We created a Selenium script that clicks a series of links in the application so we can easily reproduce the error. We just ran at both half and quarter speed and we still get the error about 8 clicks in:

Lucee 5.2.9.31 Error (java.lang.OutOfMemoryError)
Message Java heap space
Java Stacktrace lucee.runtime.exp.NativeException: Java heap space
Caused by: java.lang.OutOfMemoryError: Java heap space

We did modify the following in setenv.sh and it didnt seem to help:
CATALINA_OPTS=“-Xms1024m -Xmx4096m”;

Thanks,
md

Does this happen on local machine as well, or just inside an AWS VM?

Modifying an sh file isn’t going to affect how Windows runs :slight_smile: What is the effective heap size of the JVM? I believe this number shows up in the Lucee server admin home screen. It’s possible that some very small default size is being used. If the heap is at least a gig or more, then configure the JVM to perform a heap dump on OOM errors. Then you can use a heap inspection tool to see what is taking the space up.

Well, we’ve got a heap total space of 3881mb Lucee admin says.

When I inspect the heap using FusionReactor when we get the Java Heap Space error it seems , these two classes seem to be the culprit every time:

org.apache.commons.collections4.map.AbstractHashedMap$HashEntry[]
and
char[] > lucee.runtime.type.QueryColumnImpl.data

And to note, when I Force GC on FusionReactor they fill immediately back up.

Ok, good to know. Are you using RAM cache or something by chance? You need to find out where all these queries are coming from. Again, generating a heap dump and analyzing it post mortem should give you good info on this.

Can you also clarify where you got those two classes from? I’m not aware of a Fusionreactor feature that gives you that sort of information. I’ve only seen graphs that show you high level percentages of what is used and free.

Inside the Instance Manager in FusionReactor, on the left hand menu under Memory you can view the Heap. Which is giving me what classes are using memory.

And yes, we setup all the caches to be RamCache for Objects/Templates/etc etc.

Don’t ever use Ramcache for anything other than testing. Ever. It basically has no eviction policy so it will just fill up your heap until your server crashes.
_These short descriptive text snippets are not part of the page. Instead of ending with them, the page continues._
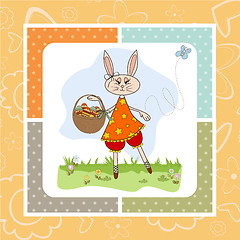 Image showing Easter bunny with a basket of Easter eggs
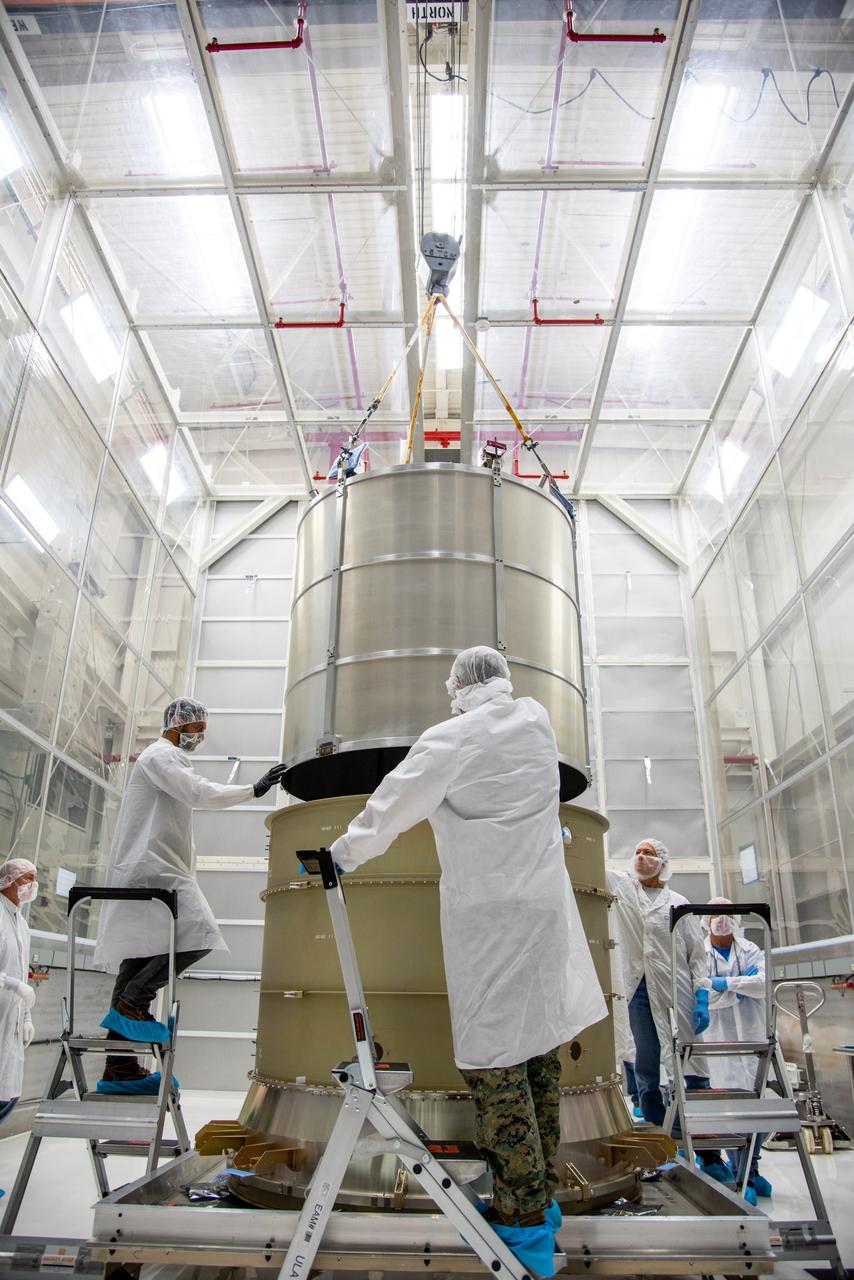 Technicians lower the payload adapter separation systems canister for the Low-Earth Orbit Flight Test of an Inflatable Decelerator (LOFTID) into the payload adapter canister as part of launch preparations inside Building 836 at Vandenberg Space Force Base (VSFB) in California on Sept. 1, 2022. LOFTID is the secondary payload on NASA and the National Oceanic and Atmospheric Administration’s (NOAA) Joint Polar Satellite System-2 (JPSS-2) satellite mission. JPSS-2 is the third satellite in the Joint Polar Satellite System series. It is scheduled to lift off from VSFB on Nov. 1 from Space Launch Complex-3. JPSS-2, which will be renamed NOAA-21 after reaching orbit, will join a constellation of JPSS satellites that orbit from the North to the South pole, circling Earth 14 times a day and providing a full view of the entire globe twice daily. LOFTID will demonstrate inflatable heat shield technology that could enable a variety of proposed NASA missions to destinations such as Mars, Venus, and Titan, as well as returning heavier payloads from low-Earth orbit. 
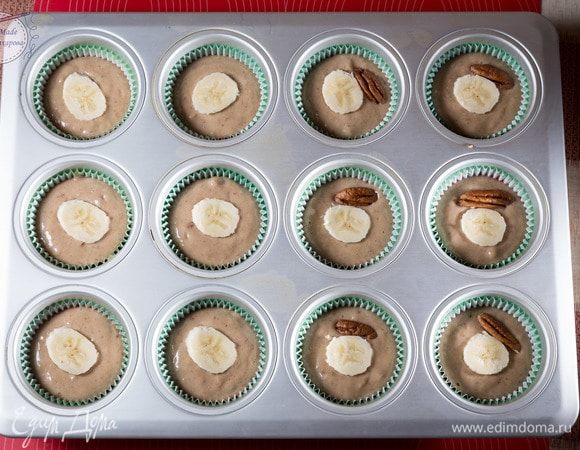 Выложить в формочки тесто, заполняя их не до конца примерно на 2/3 или 3/4 если нравятся высокие маффины. Украсим наши маффины оставшейся половинкой банана, нарезав кружочками. Также можно украсить орехами.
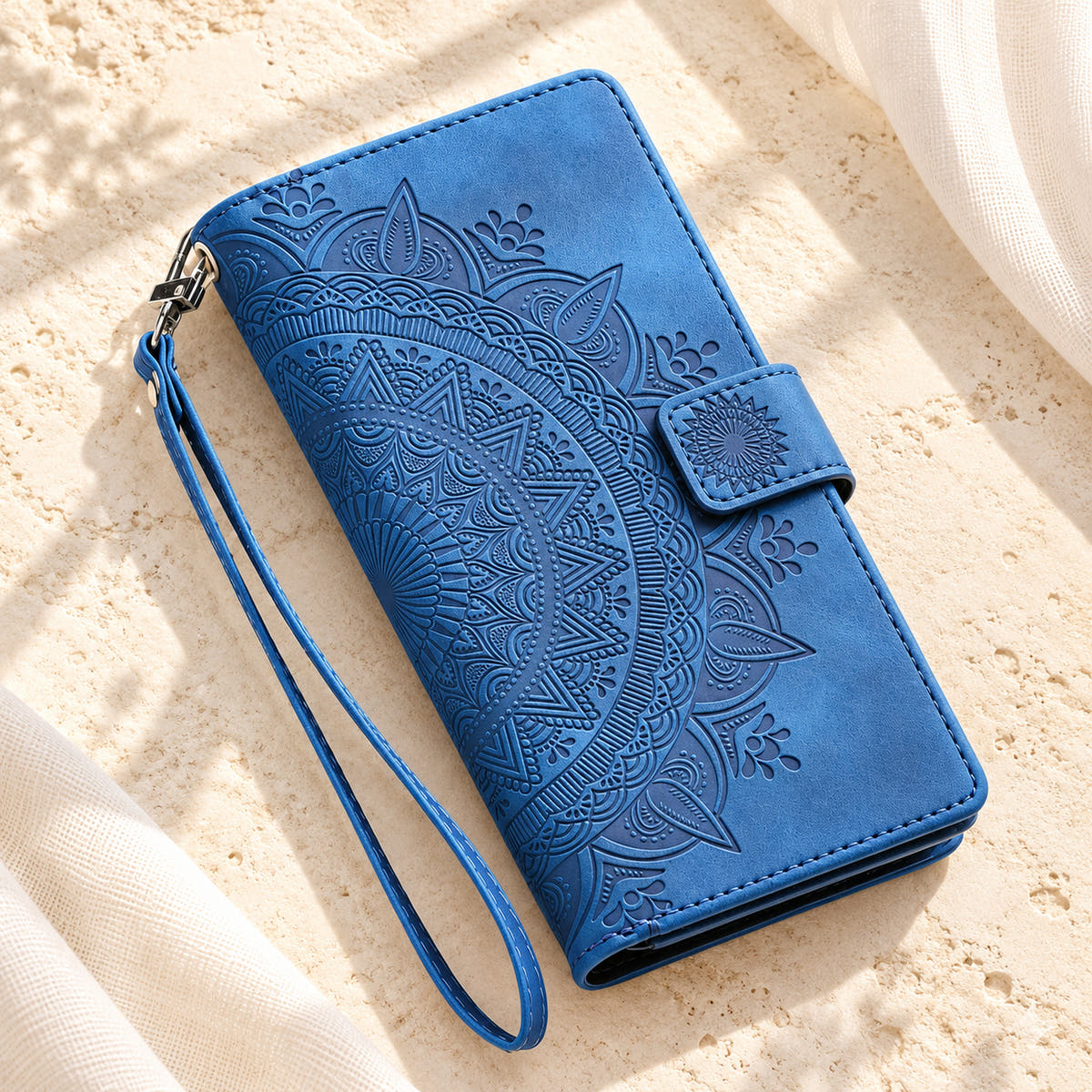 Lotus Mandala iPhone wallet case in Blue showing the closed embossed cover and matching wrist loop on limestone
You can use something like EhCache, but I really recommend a distributed out of process cache. At Ortus, we use our commercial Couchbase extension because Couchbase has unrivaled scaling, failover, and performance, but there’s free extensions for Memcached and others which you can drop in pretty easy.

Here’s a related ticket on Ramcache:
https://luceeserver.atlassian.net/browse/LDEV-1643

Also, another option to the built in caches if you really want a pwerful in memory cache is to use CacheBox. It’s a standalone lib (that also bundles with ColdBox MVC) which defaults to using concurrent softreference stores with object limits, customization eviction policies, and JVM memory checks. The only downside is, it would require code changes for you to use it.

We installed Eclipse Memory Analyzer and loaded up a dump from a recent heap space error we got. We discovered this inside the lucee.runtime.type.scope.ScopeContext:

We agree that this likely points to something wrong with our code, and that’s what we are looking at now. Has anyone seen something like this before?

Thanks,
md

We use a memcached instance using AWS/ElasticCache, which was easy to setup and has worked well in a clustered environment with heavy load for more than a year. There is a Lucee memcached extension that you need to install. I haven’t found any docs for the memcached extension settings, so I just guessed at what they should be.

@mdriscoll Look at the Hex memory address next to each class instance. It’s the same instance over and over. I think you are just on a red herring and expanding an infinite circular reference which is unrelated to your issue.